____ Materials provided
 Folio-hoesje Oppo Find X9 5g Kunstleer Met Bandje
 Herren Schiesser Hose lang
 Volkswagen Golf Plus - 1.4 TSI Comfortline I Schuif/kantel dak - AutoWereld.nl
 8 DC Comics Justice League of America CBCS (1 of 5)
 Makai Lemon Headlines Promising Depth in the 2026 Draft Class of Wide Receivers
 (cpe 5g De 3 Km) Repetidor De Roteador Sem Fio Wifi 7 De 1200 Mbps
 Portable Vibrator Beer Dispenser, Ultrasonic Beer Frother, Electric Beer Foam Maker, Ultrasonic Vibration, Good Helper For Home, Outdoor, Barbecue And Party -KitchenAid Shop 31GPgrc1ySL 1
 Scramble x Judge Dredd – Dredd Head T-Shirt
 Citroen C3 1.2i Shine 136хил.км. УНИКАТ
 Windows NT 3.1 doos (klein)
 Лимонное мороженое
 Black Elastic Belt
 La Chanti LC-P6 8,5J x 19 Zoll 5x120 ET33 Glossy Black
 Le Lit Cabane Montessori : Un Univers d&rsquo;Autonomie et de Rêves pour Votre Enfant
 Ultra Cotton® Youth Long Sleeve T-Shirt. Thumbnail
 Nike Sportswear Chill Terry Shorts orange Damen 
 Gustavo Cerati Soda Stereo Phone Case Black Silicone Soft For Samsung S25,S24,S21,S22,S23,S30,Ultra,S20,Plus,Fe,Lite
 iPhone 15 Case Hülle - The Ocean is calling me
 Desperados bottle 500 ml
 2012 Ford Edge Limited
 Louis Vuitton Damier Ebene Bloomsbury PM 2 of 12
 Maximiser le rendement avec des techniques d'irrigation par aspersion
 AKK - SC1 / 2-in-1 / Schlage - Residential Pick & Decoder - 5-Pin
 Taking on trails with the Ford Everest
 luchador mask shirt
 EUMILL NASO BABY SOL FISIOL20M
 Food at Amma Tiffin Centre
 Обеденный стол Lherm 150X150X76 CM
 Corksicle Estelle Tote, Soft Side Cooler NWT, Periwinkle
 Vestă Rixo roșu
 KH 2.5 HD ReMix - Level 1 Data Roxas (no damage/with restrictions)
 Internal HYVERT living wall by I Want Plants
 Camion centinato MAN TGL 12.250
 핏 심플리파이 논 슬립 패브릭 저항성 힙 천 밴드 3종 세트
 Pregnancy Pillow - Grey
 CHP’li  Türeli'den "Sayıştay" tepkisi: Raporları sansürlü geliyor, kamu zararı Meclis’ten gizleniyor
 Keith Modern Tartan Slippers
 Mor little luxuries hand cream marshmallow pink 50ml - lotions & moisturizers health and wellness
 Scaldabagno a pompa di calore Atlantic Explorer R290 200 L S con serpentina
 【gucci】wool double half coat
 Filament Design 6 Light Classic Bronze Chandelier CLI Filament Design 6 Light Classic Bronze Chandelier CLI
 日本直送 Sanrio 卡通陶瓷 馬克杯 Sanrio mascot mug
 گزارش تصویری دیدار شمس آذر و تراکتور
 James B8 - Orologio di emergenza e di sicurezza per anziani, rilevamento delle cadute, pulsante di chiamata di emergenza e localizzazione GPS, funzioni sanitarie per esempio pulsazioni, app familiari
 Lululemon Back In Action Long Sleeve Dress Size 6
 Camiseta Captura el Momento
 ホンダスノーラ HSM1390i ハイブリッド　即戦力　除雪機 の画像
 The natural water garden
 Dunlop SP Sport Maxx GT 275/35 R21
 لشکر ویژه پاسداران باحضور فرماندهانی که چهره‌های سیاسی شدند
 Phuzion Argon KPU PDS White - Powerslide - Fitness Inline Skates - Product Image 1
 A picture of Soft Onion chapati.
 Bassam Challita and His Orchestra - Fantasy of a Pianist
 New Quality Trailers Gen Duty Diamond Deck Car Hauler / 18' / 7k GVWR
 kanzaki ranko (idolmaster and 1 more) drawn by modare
________
▶ _What to produce_
Could you write out, exactly as they stand, only the lines above that begin at the line with "Gustavo Cerati Soda" and stop after the line with "Mor little luxuries"?

▶ _Your response_
 Gustavo Cerati Soda Stereo Phone Case Black Silicone Soft For Samsung S25,S24,S21,S22,S23,S30,Ultra,S20,Plus,Fe,Lite
 iPhone 15 Case Hülle - The Ocean is calling me
 Desperados bottle 500 ml
 2012 Ford Edge Limited
 Louis Vuitton Damier Ebene Bloomsbury PM 2 of 12
 Maximiser le rendement avec des techniques d'irrigation par aspersion
 AKK - SC1 / 2-in-1 / Schlage - Residential Pick & Decoder - 5-Pin
 Taking on trails with the Ford Everest
 luchador mask shirt
 EUMILL NASO BABY SOL FISIOL20M
 Food at Amma Tiffin Centre
 Обеденный стол Lherm 150X150X76 CM
 Corksicle Estelle Tote, Soft Side Cooler NWT, Periwinkle
 Vestă Rixo roșu
 KH 2.5 HD ReMix - Level 1 Data Roxas (no damage/with restrictions)
 Internal HYVERT living wall by I Want Plants
 Camion centinato MAN TGL 12.250
 핏 심플리파이 논 슬립 패브릭 저항성 힙 천 밴드 3종 세트
 Pregnancy Pillow - Grey
 CHP’li  Türeli'den "Sayıştay" tepkisi: Raporları sansürlü geliyor, kamu zararı Meclis’ten gizleniyor
 Keith Modern Tartan Slippers
 Mor little luxuries hand cream marshmallow pink 50ml - lotions & moisturizers health and wellness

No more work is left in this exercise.